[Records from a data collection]

-- -- --

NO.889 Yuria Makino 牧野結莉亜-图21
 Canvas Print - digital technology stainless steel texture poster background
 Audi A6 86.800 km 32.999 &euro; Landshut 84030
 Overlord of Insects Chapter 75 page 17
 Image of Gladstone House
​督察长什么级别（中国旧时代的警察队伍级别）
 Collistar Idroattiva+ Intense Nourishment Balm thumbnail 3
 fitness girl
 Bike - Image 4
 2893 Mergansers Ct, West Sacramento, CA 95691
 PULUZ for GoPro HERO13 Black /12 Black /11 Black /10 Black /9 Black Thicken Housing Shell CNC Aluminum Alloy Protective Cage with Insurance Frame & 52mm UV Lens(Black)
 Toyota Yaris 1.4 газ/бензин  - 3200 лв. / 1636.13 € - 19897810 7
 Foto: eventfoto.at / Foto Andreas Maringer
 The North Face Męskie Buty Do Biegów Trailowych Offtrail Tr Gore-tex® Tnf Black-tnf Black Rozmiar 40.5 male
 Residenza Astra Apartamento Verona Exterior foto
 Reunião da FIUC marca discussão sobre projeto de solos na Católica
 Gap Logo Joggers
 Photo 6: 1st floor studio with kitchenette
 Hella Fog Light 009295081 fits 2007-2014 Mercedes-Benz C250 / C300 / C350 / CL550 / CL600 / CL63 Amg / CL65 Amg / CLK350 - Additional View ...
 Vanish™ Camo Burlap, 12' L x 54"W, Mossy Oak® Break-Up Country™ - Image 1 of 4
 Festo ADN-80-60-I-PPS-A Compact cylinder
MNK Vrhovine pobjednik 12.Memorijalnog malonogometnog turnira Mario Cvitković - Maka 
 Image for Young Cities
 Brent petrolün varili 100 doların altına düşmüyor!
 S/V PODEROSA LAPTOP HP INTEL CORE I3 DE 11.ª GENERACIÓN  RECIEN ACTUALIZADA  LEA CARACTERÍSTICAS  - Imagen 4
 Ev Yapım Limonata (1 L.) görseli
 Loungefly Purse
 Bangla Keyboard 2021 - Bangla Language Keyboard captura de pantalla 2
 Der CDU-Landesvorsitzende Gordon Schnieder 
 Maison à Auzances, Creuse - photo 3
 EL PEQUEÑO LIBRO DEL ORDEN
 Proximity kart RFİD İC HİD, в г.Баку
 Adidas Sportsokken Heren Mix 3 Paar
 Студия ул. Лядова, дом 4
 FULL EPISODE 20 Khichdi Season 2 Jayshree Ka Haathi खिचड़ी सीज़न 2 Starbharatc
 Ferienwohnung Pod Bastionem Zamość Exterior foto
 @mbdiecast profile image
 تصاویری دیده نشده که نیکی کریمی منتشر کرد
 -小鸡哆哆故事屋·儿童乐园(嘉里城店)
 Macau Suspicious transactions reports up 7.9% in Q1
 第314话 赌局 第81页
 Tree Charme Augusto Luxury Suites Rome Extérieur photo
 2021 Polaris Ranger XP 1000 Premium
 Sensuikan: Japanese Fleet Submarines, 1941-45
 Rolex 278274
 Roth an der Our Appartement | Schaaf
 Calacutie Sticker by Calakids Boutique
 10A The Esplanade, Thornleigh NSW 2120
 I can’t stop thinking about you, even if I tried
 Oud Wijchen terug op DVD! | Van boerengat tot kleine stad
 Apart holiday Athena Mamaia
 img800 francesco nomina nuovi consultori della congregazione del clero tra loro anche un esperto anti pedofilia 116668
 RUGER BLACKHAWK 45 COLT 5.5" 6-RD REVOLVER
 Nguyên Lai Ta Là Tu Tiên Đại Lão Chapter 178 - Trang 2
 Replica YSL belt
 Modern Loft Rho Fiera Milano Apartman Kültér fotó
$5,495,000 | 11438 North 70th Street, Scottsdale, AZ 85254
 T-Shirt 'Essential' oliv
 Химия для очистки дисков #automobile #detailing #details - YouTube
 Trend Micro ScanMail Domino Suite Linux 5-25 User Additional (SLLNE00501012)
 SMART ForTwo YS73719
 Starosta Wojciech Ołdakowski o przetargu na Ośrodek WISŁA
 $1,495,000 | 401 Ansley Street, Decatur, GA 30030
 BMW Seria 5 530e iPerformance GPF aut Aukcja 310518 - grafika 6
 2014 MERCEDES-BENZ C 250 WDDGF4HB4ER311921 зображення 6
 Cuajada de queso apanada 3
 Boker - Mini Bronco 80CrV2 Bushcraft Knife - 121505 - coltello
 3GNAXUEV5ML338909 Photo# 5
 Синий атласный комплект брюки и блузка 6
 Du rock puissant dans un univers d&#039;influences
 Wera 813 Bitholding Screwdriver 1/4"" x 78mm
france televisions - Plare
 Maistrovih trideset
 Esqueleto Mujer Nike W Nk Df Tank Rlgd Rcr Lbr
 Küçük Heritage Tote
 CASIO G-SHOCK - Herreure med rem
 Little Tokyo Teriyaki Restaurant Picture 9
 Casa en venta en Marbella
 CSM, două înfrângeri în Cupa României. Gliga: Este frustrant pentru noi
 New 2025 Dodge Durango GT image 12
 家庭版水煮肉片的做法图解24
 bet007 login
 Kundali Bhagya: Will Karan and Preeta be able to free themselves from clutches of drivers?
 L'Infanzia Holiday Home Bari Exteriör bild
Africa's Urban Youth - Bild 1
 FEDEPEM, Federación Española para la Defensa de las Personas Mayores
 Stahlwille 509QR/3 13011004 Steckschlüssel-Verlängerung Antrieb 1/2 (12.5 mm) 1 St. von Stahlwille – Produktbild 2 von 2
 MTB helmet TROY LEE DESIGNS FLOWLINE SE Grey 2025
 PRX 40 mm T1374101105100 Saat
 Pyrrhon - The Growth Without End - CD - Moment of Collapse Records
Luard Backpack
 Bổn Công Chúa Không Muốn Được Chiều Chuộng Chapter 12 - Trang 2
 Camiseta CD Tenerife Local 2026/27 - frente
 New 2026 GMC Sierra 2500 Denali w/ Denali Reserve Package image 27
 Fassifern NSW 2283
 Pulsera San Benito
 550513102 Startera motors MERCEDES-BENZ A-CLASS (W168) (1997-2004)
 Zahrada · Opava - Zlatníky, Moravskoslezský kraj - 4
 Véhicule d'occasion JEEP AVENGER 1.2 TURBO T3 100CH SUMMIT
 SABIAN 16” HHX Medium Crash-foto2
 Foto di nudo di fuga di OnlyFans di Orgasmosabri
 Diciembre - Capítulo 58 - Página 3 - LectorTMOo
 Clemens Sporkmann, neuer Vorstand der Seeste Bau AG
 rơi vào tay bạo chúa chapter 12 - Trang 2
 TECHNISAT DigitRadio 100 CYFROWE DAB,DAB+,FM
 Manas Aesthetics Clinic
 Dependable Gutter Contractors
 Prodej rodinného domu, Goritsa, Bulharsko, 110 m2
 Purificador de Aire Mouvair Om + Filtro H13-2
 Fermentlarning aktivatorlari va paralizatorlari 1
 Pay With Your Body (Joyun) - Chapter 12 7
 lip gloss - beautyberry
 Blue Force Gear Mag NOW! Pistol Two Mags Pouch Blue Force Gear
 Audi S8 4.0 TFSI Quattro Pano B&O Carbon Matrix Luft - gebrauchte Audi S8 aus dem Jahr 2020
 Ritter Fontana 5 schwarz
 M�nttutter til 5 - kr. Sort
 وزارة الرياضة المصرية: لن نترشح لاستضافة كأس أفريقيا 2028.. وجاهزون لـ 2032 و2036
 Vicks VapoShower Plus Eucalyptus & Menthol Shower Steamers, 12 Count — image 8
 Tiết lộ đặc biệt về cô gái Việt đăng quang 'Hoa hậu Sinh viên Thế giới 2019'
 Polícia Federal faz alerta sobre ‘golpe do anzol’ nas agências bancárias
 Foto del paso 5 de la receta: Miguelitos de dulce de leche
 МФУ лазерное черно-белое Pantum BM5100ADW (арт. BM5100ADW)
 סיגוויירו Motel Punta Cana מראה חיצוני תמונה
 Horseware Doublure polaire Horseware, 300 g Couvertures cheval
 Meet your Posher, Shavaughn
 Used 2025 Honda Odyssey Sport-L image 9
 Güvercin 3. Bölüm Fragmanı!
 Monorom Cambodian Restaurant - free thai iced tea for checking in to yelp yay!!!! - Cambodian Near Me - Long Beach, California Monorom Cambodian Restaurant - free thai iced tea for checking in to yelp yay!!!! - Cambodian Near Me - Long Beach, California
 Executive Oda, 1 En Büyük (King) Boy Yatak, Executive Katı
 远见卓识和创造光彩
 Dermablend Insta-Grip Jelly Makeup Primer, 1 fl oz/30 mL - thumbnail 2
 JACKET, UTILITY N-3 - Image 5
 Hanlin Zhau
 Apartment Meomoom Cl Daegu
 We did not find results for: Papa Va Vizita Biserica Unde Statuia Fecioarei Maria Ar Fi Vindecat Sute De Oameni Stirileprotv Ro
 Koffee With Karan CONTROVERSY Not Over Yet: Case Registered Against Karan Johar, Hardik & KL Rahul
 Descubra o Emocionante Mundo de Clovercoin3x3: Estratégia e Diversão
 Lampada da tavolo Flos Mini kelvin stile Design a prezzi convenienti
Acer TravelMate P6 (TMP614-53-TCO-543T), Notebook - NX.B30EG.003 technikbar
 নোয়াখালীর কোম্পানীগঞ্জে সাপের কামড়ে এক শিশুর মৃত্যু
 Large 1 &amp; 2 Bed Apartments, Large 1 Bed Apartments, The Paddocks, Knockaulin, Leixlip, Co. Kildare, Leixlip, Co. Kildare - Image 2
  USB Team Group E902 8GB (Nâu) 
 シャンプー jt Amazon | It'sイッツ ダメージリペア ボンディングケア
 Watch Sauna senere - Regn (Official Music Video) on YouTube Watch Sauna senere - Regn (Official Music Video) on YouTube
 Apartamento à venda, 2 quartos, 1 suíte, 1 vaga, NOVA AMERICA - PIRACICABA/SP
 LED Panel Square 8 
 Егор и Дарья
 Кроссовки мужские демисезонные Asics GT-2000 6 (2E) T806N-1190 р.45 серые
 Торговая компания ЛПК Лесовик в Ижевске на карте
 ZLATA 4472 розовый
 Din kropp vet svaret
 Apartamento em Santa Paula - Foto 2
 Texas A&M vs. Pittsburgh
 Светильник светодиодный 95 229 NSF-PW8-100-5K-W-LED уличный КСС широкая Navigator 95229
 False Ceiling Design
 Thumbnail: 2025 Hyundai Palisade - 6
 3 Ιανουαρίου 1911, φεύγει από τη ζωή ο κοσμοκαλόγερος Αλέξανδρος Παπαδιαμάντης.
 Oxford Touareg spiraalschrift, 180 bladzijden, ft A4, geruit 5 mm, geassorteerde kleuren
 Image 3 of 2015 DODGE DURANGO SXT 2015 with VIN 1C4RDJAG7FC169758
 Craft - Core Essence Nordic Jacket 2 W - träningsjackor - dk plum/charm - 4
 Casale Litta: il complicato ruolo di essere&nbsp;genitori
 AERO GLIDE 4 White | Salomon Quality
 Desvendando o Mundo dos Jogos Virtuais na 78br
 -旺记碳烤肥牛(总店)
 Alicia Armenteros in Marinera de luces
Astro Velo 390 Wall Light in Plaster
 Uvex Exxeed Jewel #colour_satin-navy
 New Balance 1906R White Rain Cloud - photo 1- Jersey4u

-- -- --

Aim of the exercise:
Reprint the data above from the opening line to the line holding "Collistar Idroattiva+ Intense", inclusive, and nothing else.

Response below:
NO.889 Yuria Makino 牧野結莉亜-图21
 Canvas Print - digital technology stainless steel texture poster background
 Audi A6 86.800 km 32.999 &euro; Landshut 84030
 Overlord of Insects Chapter 75 page 17
 Image of Gladstone House
​督察长什么级别（中国旧时代的警察队伍级别）
 Collistar Idroattiva+ Intense Nourishment Balm thumbnail 3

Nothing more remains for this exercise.